SUPPLIED DATA Start Marker

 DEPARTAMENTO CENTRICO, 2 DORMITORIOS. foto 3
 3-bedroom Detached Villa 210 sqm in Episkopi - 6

SUPPLIED DATA End Marker
SUPPLIED DATA Start Marker

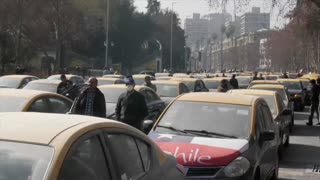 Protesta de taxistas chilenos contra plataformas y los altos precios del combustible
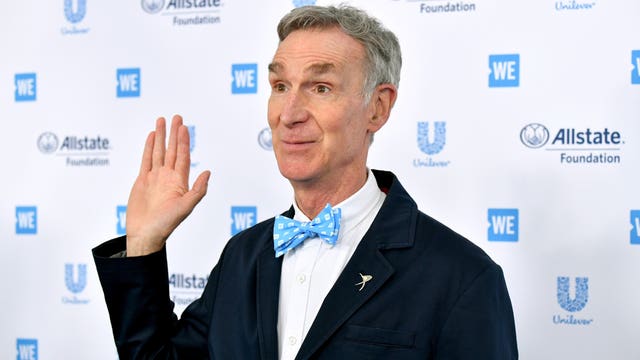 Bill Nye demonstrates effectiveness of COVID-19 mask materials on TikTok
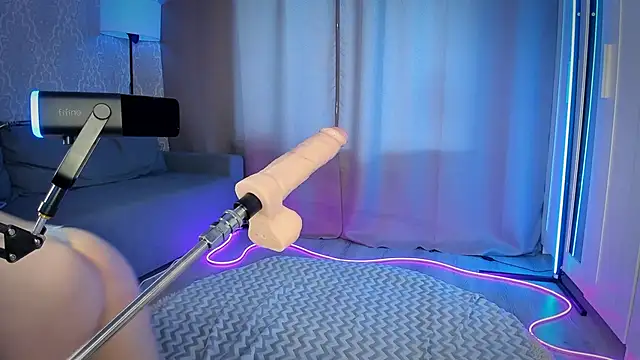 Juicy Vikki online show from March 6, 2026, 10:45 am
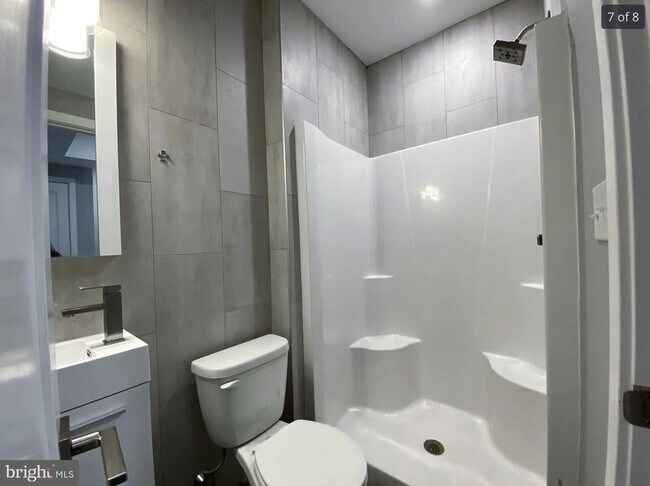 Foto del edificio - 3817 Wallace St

SUPPLIED DATA End Marker

▶ [EXERCISE INSTRUCTIONS] Each line above from the one containing "Bill Nye demonstrates" through the one containing "Foto del edificio - 3817 Wallace St" is to be returned verbatim. Nothing else, and no pictures.

▶ [YOUR SOLUTION]
 Bill Nye demonstrates effectiveness of COVID-19 mask materials on TikTok
 Juicy Vikki online show from March 6, 2026, 10:45 am
 Foto del edificio - 3817 Wallace St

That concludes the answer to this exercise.